On trouverait difficilement dans le théâtre moderne un fragment de musique sentimentale aussi émouvant que celui-là et, pour ma part, j'en ai ressenti avec tant de force l'attrait déchirant que je n'ai prêté qu'une attention insuffisante aux événements où se précipite le drame.

Je sais seulement qu'un guerrier masqué qui n'est autre qu'Eros (pourquoi masqué quand il pourrait changer de visage) assiège la ville, qu'il est tué par le roi (pourquoi ce dieu se laisse-t-il tuer?), qu'Argine pousse un cri parce qu'elle sent que c'est Eros qui meurt, mais qu'Eros apparaît néanmoins avec Tharsyle et Floriane, qu'à sa vue Argine, au comble du ravissement, expire, que son âme monte doucement vers Eros, vers le suprême vainqueur, tandis qu'une symphonie argentine s'égrène et se répand dans l'air, et que ce dénouement, s'il m'a dérouté, m'a paru être accompagné d'une musique tantôt solennelle, tantôt vibrante, en enfin suavement vaporeuse où j'ai pris plaisir, mais qui est loin d'égaler le monologue d'Argine, dont j'étais alors et dont je suis encore pénétré.

Comme on a pu le voir, je ne saurais dire qu'Eros vainqueur m'ait satisfait pleinement d'un bout à l'autre.
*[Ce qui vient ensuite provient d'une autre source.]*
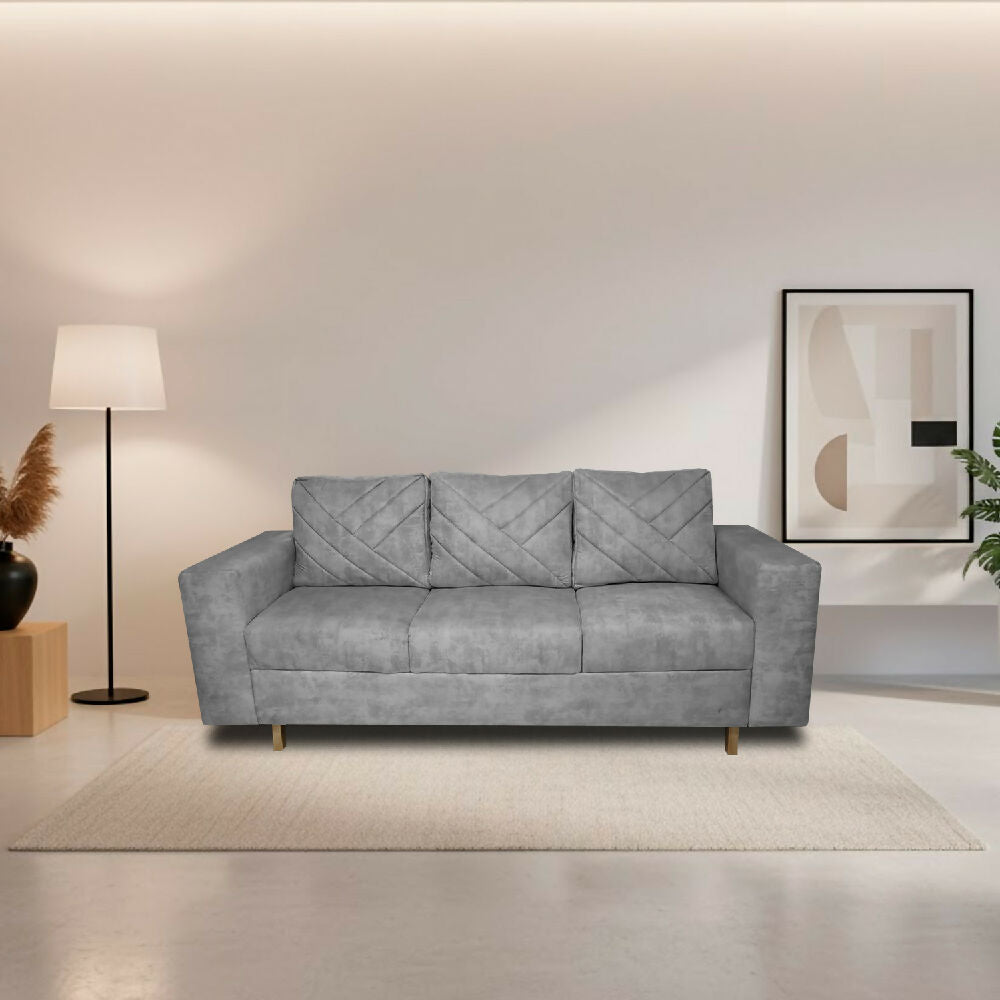 Sofa Amsterdam 3Ptos En Tela Amiglable Con Mascotas 205X72X75 Cm Gris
Ce serait, du reste, une bien mauvaise recommandation pour cette œuvre auprès de ceux des amis et des condisciples de M. de Bréville, qui croient devoir dénier systématiquement toute espèce de compétence et de goût à quiconque n'est pas de leur bord et de leur clan, et pour ma part j'eusse été désolé que grâce à cette approbation totale, on eût pu me croire digne d'y être admis ! Mais j'espère avoir suffisamment montré la haute estime et, en deux endroits particuliers, l'admiration sincère que le talent de M. de Bréville a su m'imposer.